A nurse is preparing to collect a blood specimen from a newborn via a heel stick. Which of the following techniques should the nurse use to help minimize the pain of the procedure for the newborn?
- A. Apply a cool pack for 10 minutes to the heel prior to the puncture
- B. Request a prescription for IM analgesic
- C. Use a manual lancet blade to pierce the skin
- D. Place the newborn skin to skin on the mother’s chest
Correct Answer: D
Rationale: The correct answer is D: Place the newborn skin to skin on the mother's chest. This technique, known as kangaroo care, helps minimize pain during procedures by providing comfort, warmth, and security to the newborn. The close physical contact with the mother can reduce stress and promote relaxation, leading to decreased perception of pain. Additionally, the release of oxytocin during skin-to-skin contact can further alleviate discomfort for the newborn.

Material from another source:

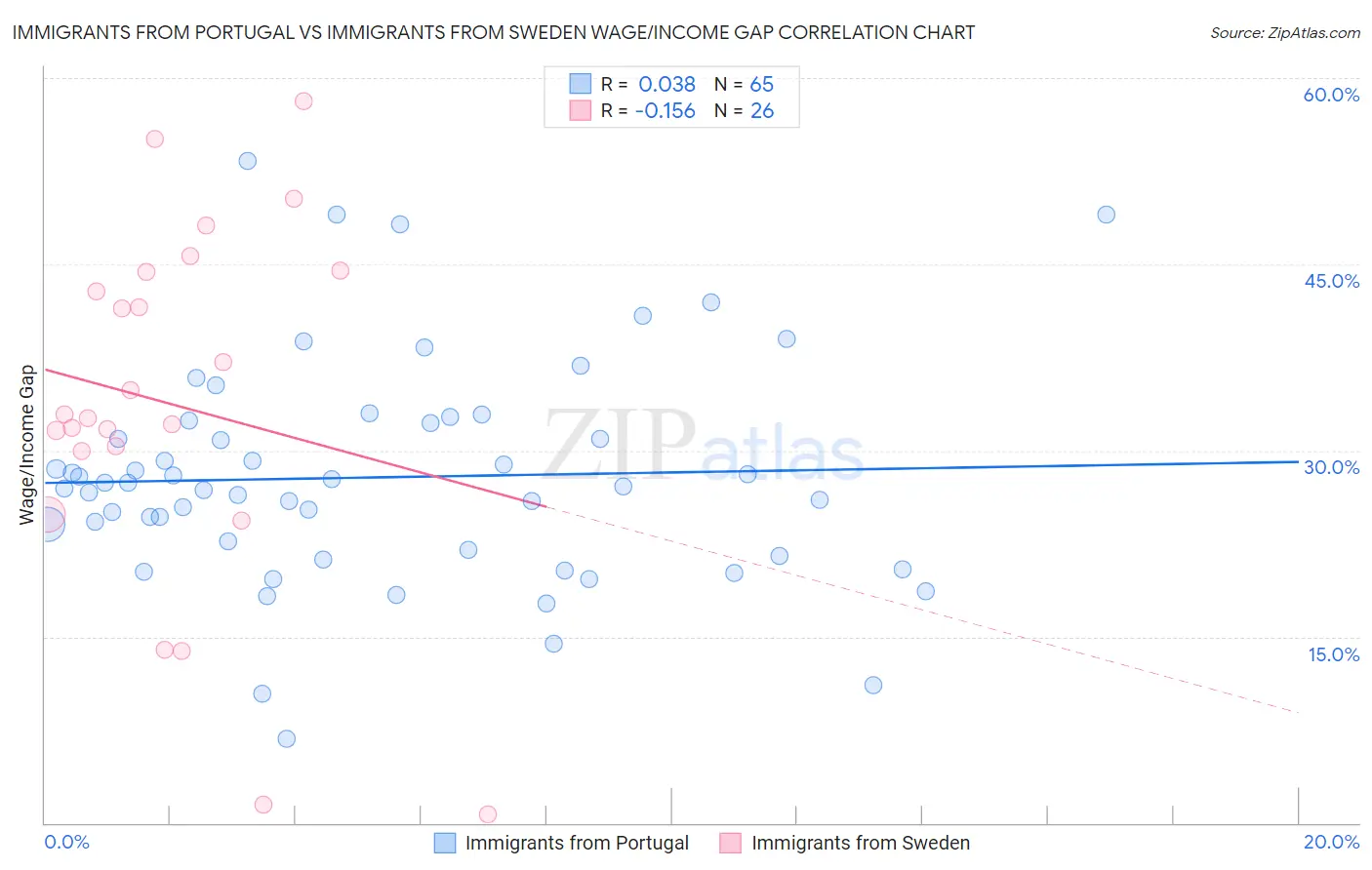 Immigrants from Portugal vs Immigrants from Sweden Wage/Income Gap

Applying a cool pack (choice A) may actually increase pain and vasoconstriction, making the heel stick more uncomfortable. Requesting an IM analgesic (choice B) is unnecessary and may expose the newborn to unnecessary medications. Using a manual lancet blade (choice C) can be painful and may not provide the same comfort and pain relief as skin-to-skin contact.
A client delivered vaginally six hours ago. Which assessment finding can be interpreted as normal?
- A. Temperature 100.0 degrees F
- B. Blood pressure 140/90
- C. Respirations 10
- D. Pulse 90
Correct Answer: A
Rationale: The correct answer is A: Temperature 100.0 degrees F. This finding can be interpreted as normal because a slight increase in body temperature after childbirth is expected due to the physiological changes during labor. A temperature of 100.0 degrees F is within the normal range for postpartum women.
Rationale for why the other choices are incorrect:
B: Blood pressure 140/90 - This blood pressure reading is slightly elevated and may indicate hypertension, which would not be considered normal postpartum.
C: Respirations 10 - A respiratory rate of 10 is abnormally low and could indicate respiratory distress rather than normal postpartum recovery.
D: Pulse 90 - A pulse rate of 90 may be within normal limits, but it is not as indicative of normal postpartum recovery as a slightly elevated temperature would be.
A nurse is caring for a client who is in active labor and has had no cervical change in the last 4 hr. Which of the following statements should the nurse make?
- A. Let me help you into a comfortable pushing position so you can begin bearing down.
- B. I am going to call the doctor to get a prescription for medication to ripen your cervix.
- C. I will give you some IV pain medicine to strengthen your contractions.
- D. Your provider will insert an intrauterine pressure catheter to monitor the strength of your contractions.
Correct Answer: D
Rationale: The correct answer is D. The nurse should inform the client about the provider inserting an intrauterine pressure catheter to monitor contraction strength. This is appropriate because lack of cervical change in active labor could indicate inadequate contractions. Monitoring contraction strength with an intrauterine pressure catheter can help determine if the contractions are effective in progressing labor. It allows for more accurate assessment and timely interventions if needed.
Choice A is incorrect because pushing without adequate cervical dilation can lead to complications. Choice B is incorrect as medication to ripen the cervix is not indicated in this scenario. Choice C is incorrect as IV pain medicine does not address the issue of inadequate cervical change.